■ **The data**
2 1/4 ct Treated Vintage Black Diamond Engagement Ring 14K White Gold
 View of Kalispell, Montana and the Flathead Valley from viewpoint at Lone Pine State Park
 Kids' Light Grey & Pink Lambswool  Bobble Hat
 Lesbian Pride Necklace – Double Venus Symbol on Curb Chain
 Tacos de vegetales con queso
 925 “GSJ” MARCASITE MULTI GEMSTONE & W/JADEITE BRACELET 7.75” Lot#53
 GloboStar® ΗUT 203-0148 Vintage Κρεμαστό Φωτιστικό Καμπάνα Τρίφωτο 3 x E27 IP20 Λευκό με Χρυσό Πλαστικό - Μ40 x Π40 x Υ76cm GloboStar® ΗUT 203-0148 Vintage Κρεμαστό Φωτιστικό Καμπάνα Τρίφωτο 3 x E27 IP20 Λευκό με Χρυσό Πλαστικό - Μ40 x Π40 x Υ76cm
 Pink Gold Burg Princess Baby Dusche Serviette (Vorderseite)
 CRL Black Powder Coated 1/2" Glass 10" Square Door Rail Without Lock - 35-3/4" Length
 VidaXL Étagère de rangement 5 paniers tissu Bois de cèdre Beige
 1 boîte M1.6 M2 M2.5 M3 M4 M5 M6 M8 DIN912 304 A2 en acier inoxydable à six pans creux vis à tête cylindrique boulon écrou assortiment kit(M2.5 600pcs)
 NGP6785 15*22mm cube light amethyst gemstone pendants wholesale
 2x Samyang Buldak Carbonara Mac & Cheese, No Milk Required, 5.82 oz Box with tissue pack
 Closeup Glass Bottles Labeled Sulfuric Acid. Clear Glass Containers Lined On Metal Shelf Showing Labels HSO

■ **Your task**
Give back exactly the material above from its opening line to the line bearing "MARCASITE MULTI GEMSTONE".

■ **Result for this task**
2 1/4 ct Treated Vintage Black Diamond Engagement Ring 14K White Gold
 View of Kalispell, Montana and the Flathead Valley from viewpoint at Lone Pine State Park
 Kids' Light Grey & Pink Lambswool  Bobble Hat
 Lesbian Pride Necklace – Double Venus Symbol on Curb Chain
 Tacos de vegetales con queso
 925 “GSJ” MARCASITE MULTI GEMSTONE & W/JADEITE BRACELET 7.75” Lot#53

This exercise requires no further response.